Impact of Crack Inclination Angle on the Splitting Failure and Energy Analysis of Fine-Grained Sandstone

Abstract

To investigate the impact of crack inclination angle on the tensile strength and characteristics of splitting failure in rock, split tests were conducted on fine-grained sandstone with pre-existing cracks under different crack inclination angle conditions. Acoustic emission and digital image techniques were continuously monitored during the tests.
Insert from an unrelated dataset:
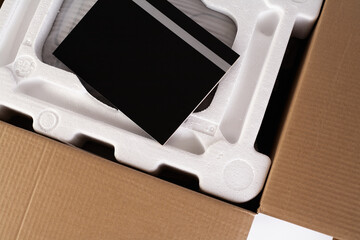 Open cardboard with styrofoam material. Isolated on white background. Transportation of fragile...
The evolution of absorbed energy during the loading and failure processes was calculated and discussed, aiming to elucidate the interconnections among the maximum absorbed energy, the pre-existing crack inclination angle, the tensile strength, and the acoustic emission energy of the rock, which can provide a reference for the design and construction of tunnels or mines in rock formations with pre-existing cracks. The experimental findings indicate the following: (1) The tensile strength and failure displacement decrease first and then increase with the increase in the pre-existing crack inclination angle, demonstrating an approximate “V”-shaped alteration. (2) The failure modes of specimens with pre-existing cracks can be classified into three types: tensile failure along the center of the disk, tensile failure along the tip of the pre-existing crack, and tensile–shear composite failure along the tip of the pre-existing crack. (3) The crack inclination angle exerts a substantial influence on the evolution curve of energy absorption. The maximum energy absorption of the specimens first increases and then decreases with the increase in the crack inclination angle. Moreover, a corresponding nonlinear relationship is observed between the maximum energy absorption and the tensile strength, as well as the AE energy.